Prince remembered throughout Minneapolis

BY MELISSA RUGGIERI/AJC Music Scene

MINNEAPOLIS – A lone jogger sprinted down the pathway between the hulking white Paisley Park compound and Minnesota Highway 5, indifferent to the history living on the other side of the sagging chain-link fence.

Paisley Park will host the Celebration 2017 this weekend. Photo: Melissa Ruggieri/AJC

A purple makeshift wall on the property – the Prince4Ever Tribute Fence – cluttered with fan-donated mementos and photos, remained off limits on Tuesday, as Paisley Park closed to prepare for Celebration 2017, the four-day event launching Thursday.

The first anniversary of Prince’s still-incomprehensible death arrives Friday, and the commemorative gathering is expected to attract about 2,000 fans from 28 countries, as well as present musical performances from The Revolution, Morris Day & The Time and New Power Generation – a collective hug to honor the memory of the musical titan who died of an accidental opioid overdose at 57.

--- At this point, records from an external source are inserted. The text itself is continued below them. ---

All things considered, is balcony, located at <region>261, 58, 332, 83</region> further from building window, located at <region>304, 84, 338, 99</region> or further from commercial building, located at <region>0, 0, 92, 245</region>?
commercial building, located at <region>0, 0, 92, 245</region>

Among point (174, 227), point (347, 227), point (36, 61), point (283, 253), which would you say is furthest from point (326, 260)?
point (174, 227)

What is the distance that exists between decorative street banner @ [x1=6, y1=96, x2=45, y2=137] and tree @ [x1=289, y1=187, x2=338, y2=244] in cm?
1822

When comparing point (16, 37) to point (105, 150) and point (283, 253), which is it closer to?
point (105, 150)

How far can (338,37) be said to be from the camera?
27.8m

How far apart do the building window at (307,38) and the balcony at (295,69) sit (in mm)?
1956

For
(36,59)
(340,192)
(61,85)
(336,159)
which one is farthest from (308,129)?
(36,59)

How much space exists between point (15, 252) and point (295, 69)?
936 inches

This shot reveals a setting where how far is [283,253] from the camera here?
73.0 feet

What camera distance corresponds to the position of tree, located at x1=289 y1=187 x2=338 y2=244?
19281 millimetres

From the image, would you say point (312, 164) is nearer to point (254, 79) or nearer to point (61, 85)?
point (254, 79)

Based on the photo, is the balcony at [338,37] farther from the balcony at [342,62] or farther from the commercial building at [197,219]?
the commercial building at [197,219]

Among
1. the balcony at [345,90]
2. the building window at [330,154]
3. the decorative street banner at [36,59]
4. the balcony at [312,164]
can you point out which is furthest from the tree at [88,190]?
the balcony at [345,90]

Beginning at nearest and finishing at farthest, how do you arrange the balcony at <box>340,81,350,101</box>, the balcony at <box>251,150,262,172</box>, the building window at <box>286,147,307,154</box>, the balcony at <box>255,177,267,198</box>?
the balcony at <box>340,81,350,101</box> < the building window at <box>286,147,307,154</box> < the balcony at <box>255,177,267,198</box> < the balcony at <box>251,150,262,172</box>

Although Paisley Park, located about 30 minutes from downtown Minneapolis in the suburban enclave of Chanhassen, now functions as a museum – a quick turnaround from studio to tourist attraction by the same folks who manage Graceland in Memphis, Tenn. – many fans have chosen to contribute to a “Graffiti Bridge” of sorts a few steps from the property.

More love for Prince. Photo: Melissa Ruggieri/AJC

The Riley Creek underpass, which connects Lake Ann Park and Paisley Park, was, prior to April 21, 2016, a naked slab of curved concrete.

Now, spray-painted R.I.P.s and messages of sadness, hope and gratitude are etched on the walls.

“Purple rain is what we bleed,” read one, while another also invoked a Prince lyric: “There’s something else…the afterlife.”


While Prince spent his later years in his Chanhassen hideaway – an area that was devoid of commercialism when he built it in the ‘80s but now resides less than a mile from a Target and across the street from a daycare center – his loss is hardly relegated to the city of about 25,000.

In nearby St. Paul, the Minnesota History Center retrieved one of its treasured artifacts – the purple coat and white, ruffled shirt Prince wore in his 1984 career-making “Purple Rain” movie – to place on display this week.

St. Paul residents Jason and Rachel Gorski take a look at a small Prince exhibit at the Minnesota History Center. Photo: RYON HORNE / RHORNE@AJC.COM

The outfit, which Prince gave to the Minnesota Historical Society in 1992, is in danger of fading, so it can only make brief public appearances.

Tuesday evening, St. Paul residents Jason and Rachel Gorski donned some purple attire specifically to visit the small exhibit at the History Center.

“He and I were born the same year,” Jason Gorski said. “I’m trying to maintain just a tenth of his coolness.”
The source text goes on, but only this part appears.